EXERCISE OBJECTIVE »
Write out again the lines from the line with "The lesion extends" up to and including the line with "That is equal", exactly as they stand below, and skip any picture.

SUPPLIED RECORDS »
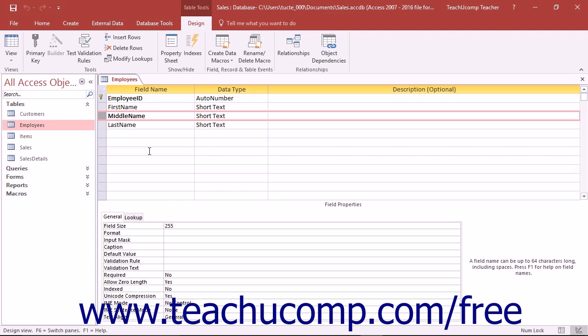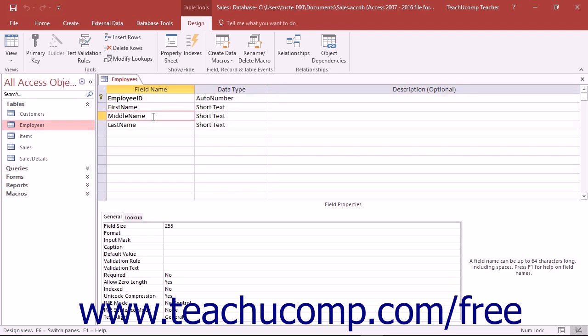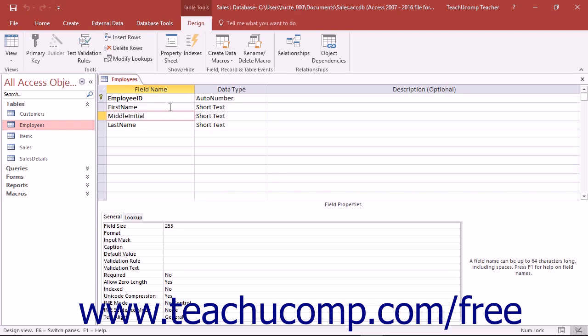To rename a field, open the table within which you want to rename a field in the Table Design view. Then click into the Field Name column of the field whose name you want to change. Type a new name for the field and then simply click the Save button in the Quick Access Toolbar to save your structural change.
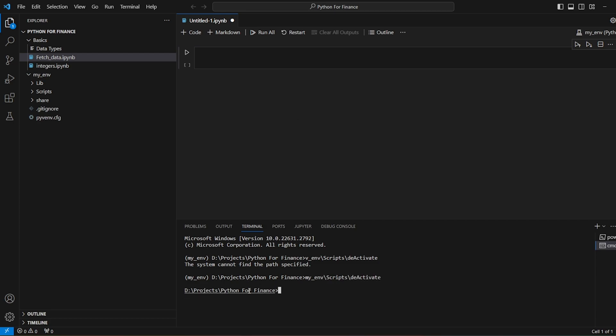So right now we have only Python for finance. And then what we will be doing, we'll be activating it first. So my env. Now we are inside the environment.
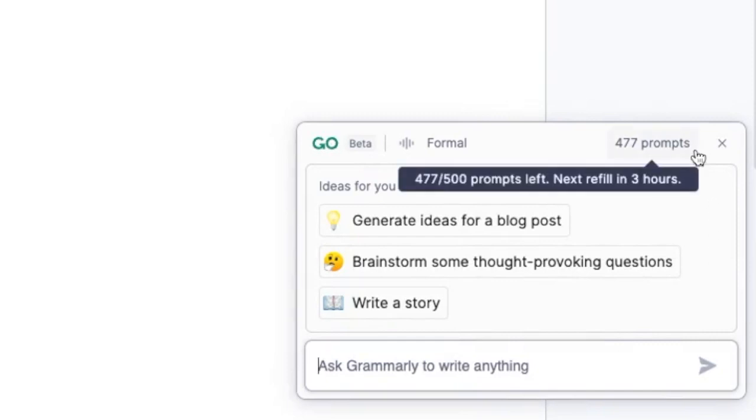You'll have a set number of prompts that you can use monthly, and that number depends on your Grammarly account. Premium accounts get more prompts per month than free accounts, plus some extra goodies like suggestions for clarity, tone, and vocab. You can check how many prompts you have left in the top right corner of Grammarly Go.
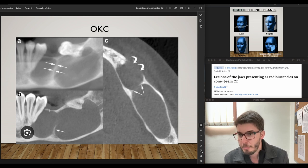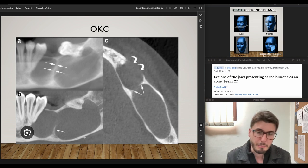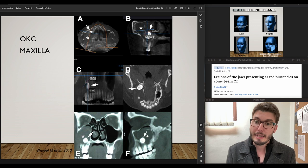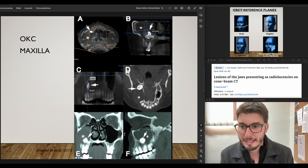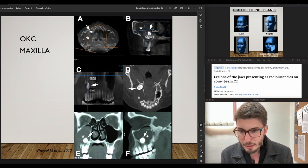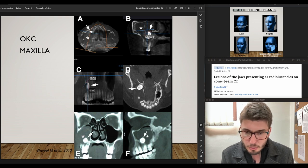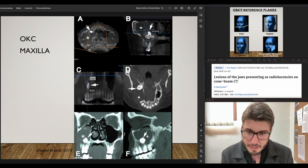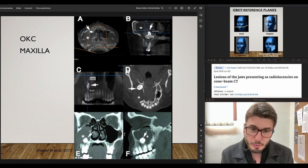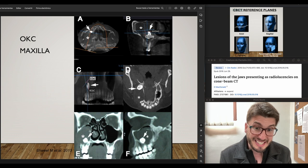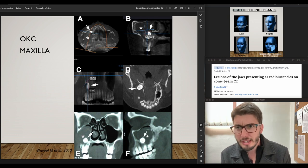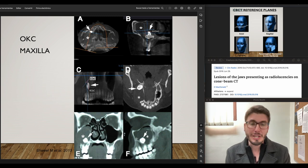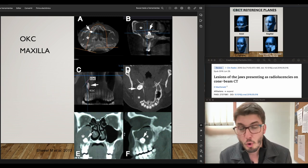The lesion extends upward to the alveolar crest and downward to the base of the mandible. In the maxilla, an OKC can have a different appearance because the sinus gets inflamed as well, making the lesion — which is radiolucent — appear slightly more radiopaque relative to the radiolucency of the sinus. It can also be associated with an impacted tooth.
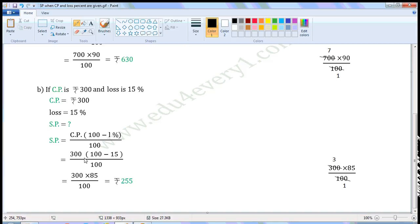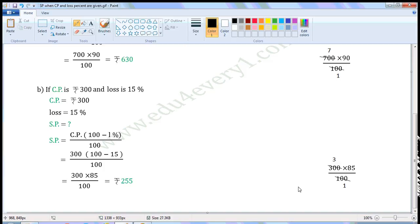That is equal to 300 into 100 minus 15, by 100. We have to simplify this expression using BODMAS rule. First, simplify the expression within the brackets: 100 minus 15 is 85. So, we can write this as 300 into 85 by 100. Common factor of 300 and 100 is 100. Dividing both by 100, we get 3 into 85 by 1, which is equal to 255. So, selling price is equal to Rs. 255.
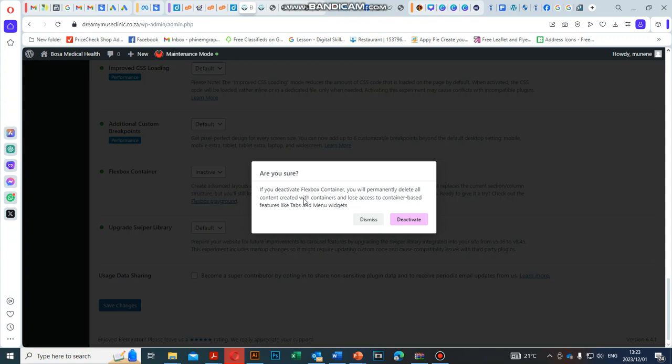It will ask if you're sure. If you deactivate Flexbox Container, you will permanently delete all content created with containers and lose access to container-based features like tabs and menu widgets. I advise you to do this only if it's a new WordPress install or if you haven't used the Flexbox container in other content.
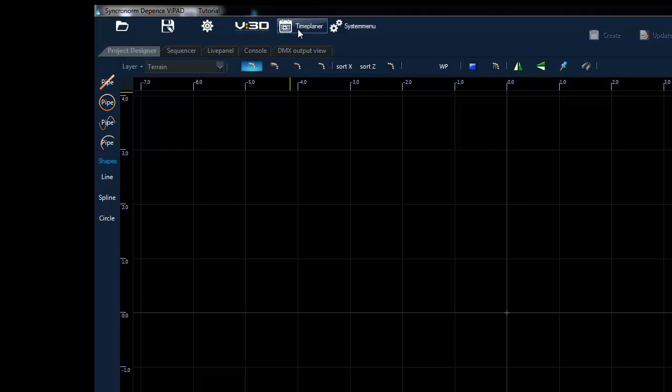With the time planner button you enter the editor which allows you to complete schedules for day plans, week plans and year plans. Again this will be covered in a further detailed tutorial.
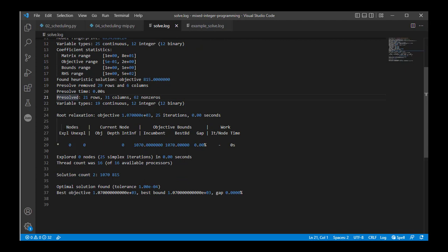As we go further through this, we can see the actual solution. So first, we have the relaxation. The root relaxation is going to be if we allow every binary variable to take any continuous value and solve the problem, what is the objective function value that we get? That's the root relaxation. In this, we're getting this objective function value here.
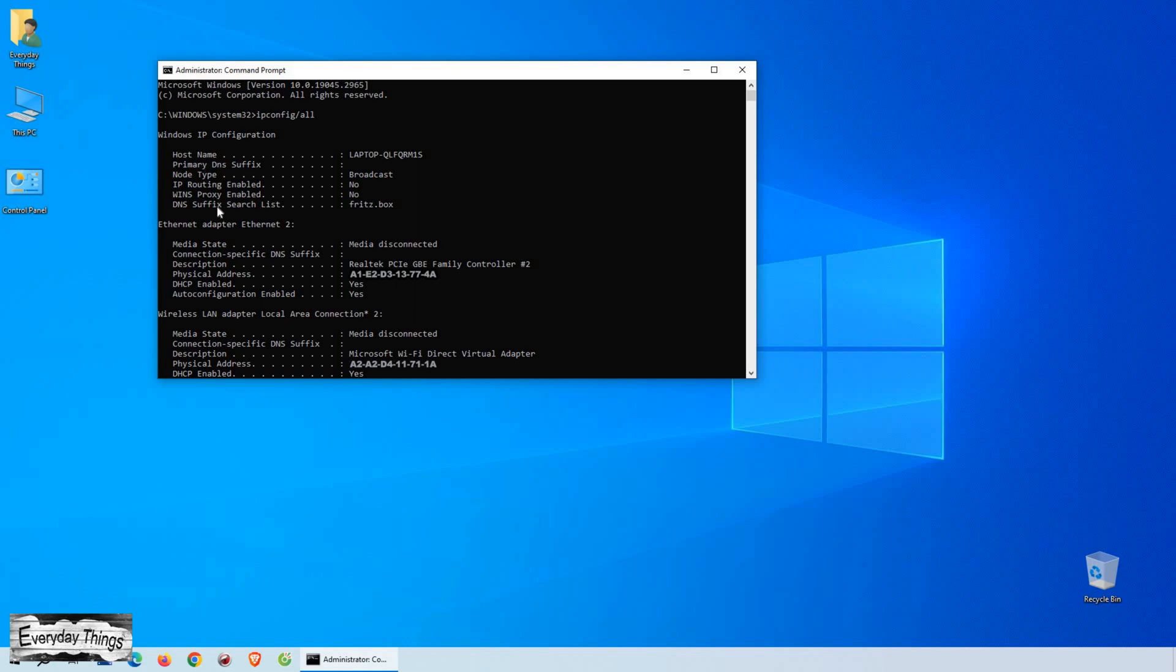Don't worry, we're only interested in the Mac address. Now here's an important note: depending on your computer's network connections, you may see multiple Mac addresses listed.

TASK SOLUTION »
The lesion extends upward to the alveolar crest and downward to the base of the mandible. In the maxilla, an OKC can have a different appearance because the sinus gets inflamed as well, making the lesion — which is radiolucent — appear slightly more radiopaque relative to the radiolucency of the sinus. It can also be associated with an impacted tooth.
That is equal to 300 into 100 minus 15, by 100. We have to simplify this expression using BODMAS rule. First, simplify the expression within the brackets: 100 minus 15 is 85. So, we can write this as 300 into 85 by 100. Common factor of 300 and 100 is 100. Dividing both by 100, we get 3 into 85 by 1, which is equal to 255. So, selling price is equal to Rs. 255.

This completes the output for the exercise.